Aya Jones N'Guessan (born 7 September 1994) is a French model.

==Early life==
Aya Jones was born from Ivorian father and French mother. She grew up in the 11th arrondissement of Paris where her family owns a restaurant. Growing up, she practiced ballet, modern jazz, and hip-hop.

She was discovered by an agent who stopped her on the street, and led her to sign with her then-mother agency, The Lions.

==Career==
Her first fashion show was for Prada for whom she was an exclusive at the Spring/Summer 2015 Milan Fashion Week. The following week, she was at Paris Fashion Week where she walked for designers including Giambattista Valli, Miu Miu, Viktor & Rolf, Valentino, Giambattista Valli and Nina Ricci. Katie Grand, Edward Enninful and Bethann Hardison named her one of the best models of the season, British fashion magazine i-D placed her at the fourth position of their top 10 new faces of 2014, and Interview made her one of the 15 faces of 2015.

She was photographed by Steven Meisel for Prada, advertising the brand's Pre-Fall 2015 collection alongside Natalie Westling, Willow Hand and Julia Nobis. According to Vanity Fair, she was the 44th most influent French person in the world in 2015. She was also that same year one of the favorite models of The New York Times.

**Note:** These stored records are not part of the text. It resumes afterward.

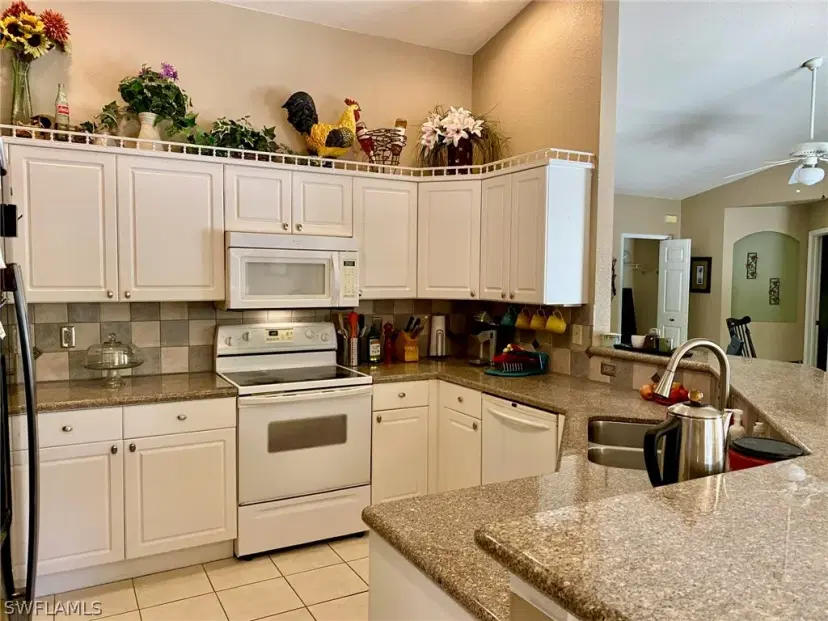 Picture of 2648 SW 31St Ln, Cape Coral FL 33914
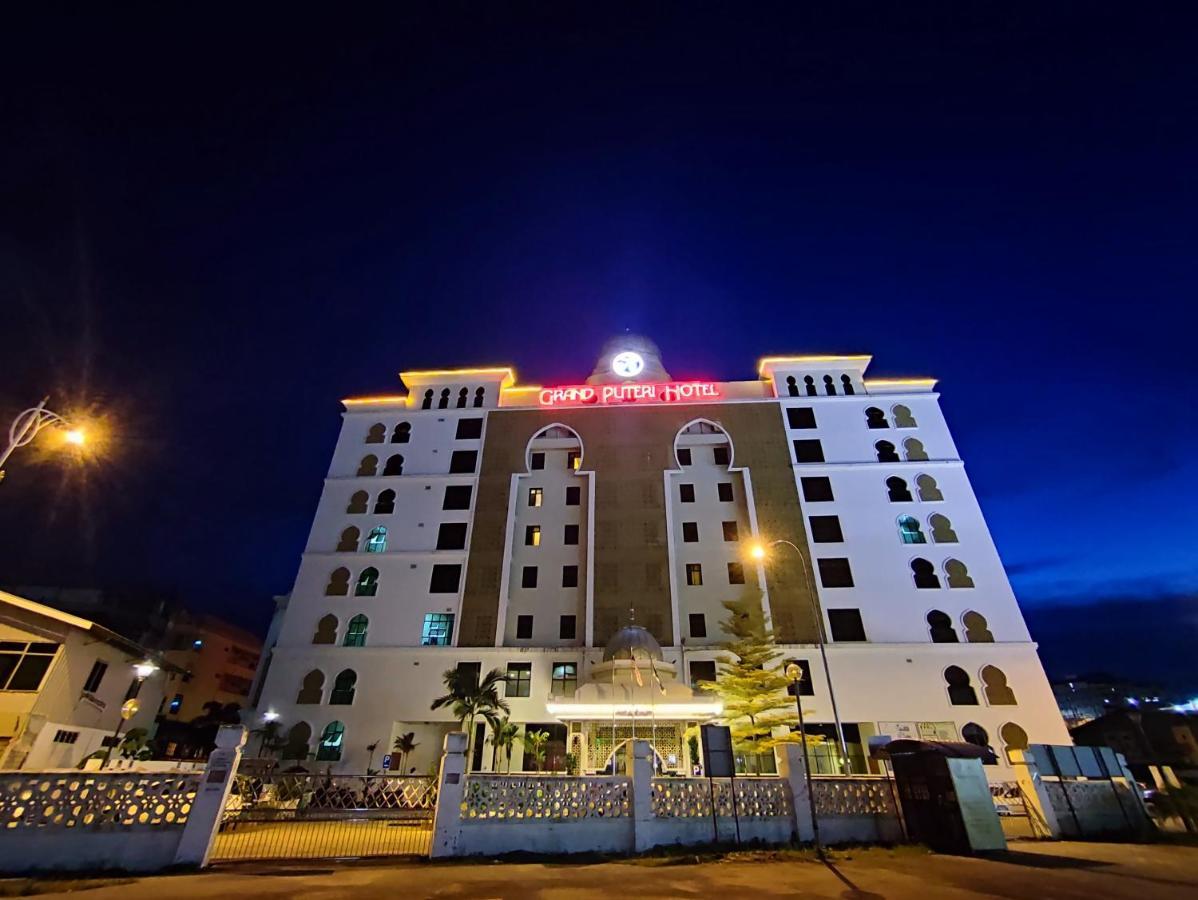 The Grand Puteri Hotel Куала Теренгану Екстериор снимка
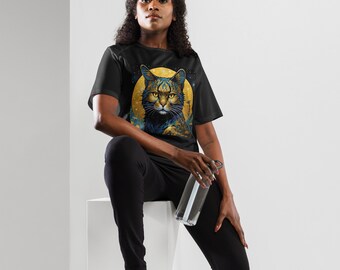 Cat golden T-shirt with a kitten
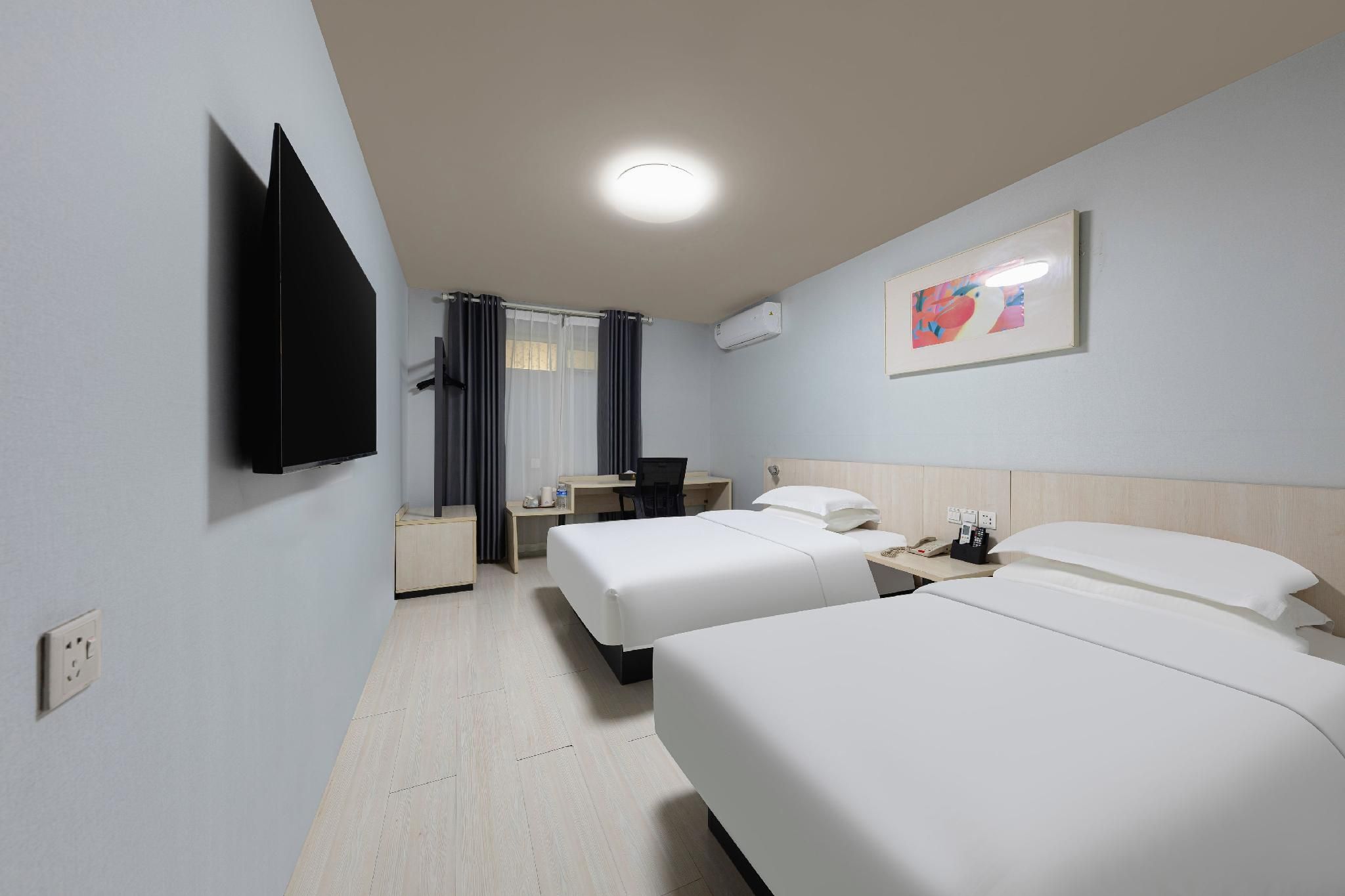 WH - Standard Room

She was on the cover of the August edition of Teen Vogue, which was titled "Meet the new faces of fashion". This cover made a lot of noise in the fashion industry because the three models featured on it are women of color, and it helps fighting the predominance of white models and the lack of diversity in the industry. She has been on many magazine covers since this one, including Vogue Spain, which titled the cover "Black is beautiful".

Jones was noticeably absent from 2017 fashion weeks, because of a jet ski accident in Thailand where she sustained multiple injuries. She punctured her lung and stomach and fractured her arm, pelvis, leg, and cranium. After a full year of recovery, she returned to modeling with an ad for Mango.